Teaching beekeepers how to inspect the frames. Photo by Hives for Humanity (Facebook)
Have the programs at Hive for Humanity helped encourage any of the participants to pursue other social impact opportunities?
There’s this guy who was at one of our buildings under our mentorship. In conjunction with getting some better support for his personal health, getting a better opportunity for more independent housing, and the bees and the skills, the stability and the self-worth generated from that experience, led to him getting a job elsewhere. He’d been working at Potluck Cafe and Hives for Humanity while getting support from his doctor and his housing team — all four of those things came together and he then accepted this a job at RainCity Housing to support and different impact on his own community.
Any advice for people who want to build community through a social enterprise?
You need to establish trust. That’s why we have such a rich list of partners because there’s so much value in having strong partnerships, you can access the community that the partner has been doing all the relationship building with. I think we’re stronger when we partner and collaborate.
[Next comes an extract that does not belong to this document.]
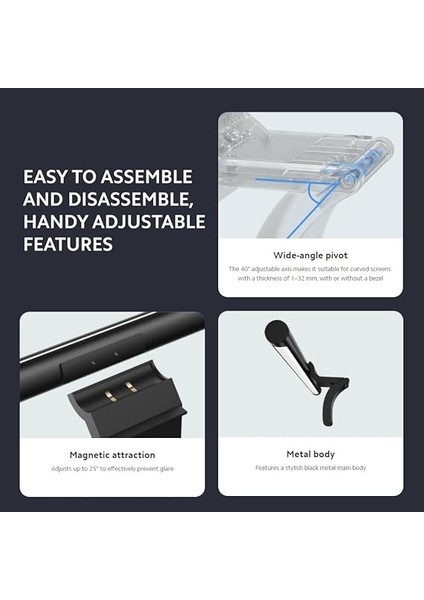 Mi LED Bilgisayar Monitörü Işık Çubuğu Siyah Ab BHR4838GL fiyatları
What I always say is you need somebody who is an expert beekeeper, and you need someone who is an expert in that community, in building community relations, in building community engagement. Being an expert means you have to know how to build relationships based on respect and dignity. If you can do that, then the beekeeper can come in or the master gardener can come in with their skills. You need that solid social piece for those other pieces to work if you’re doing it in a community that faces barriers to stability. Know the balance between environment and social, it is really key. I don’t think either can succeed without the other. Having your key people who are experts in both fields and crossover partnership. That’s the critical piece and the sustaining factor in any social enterprise.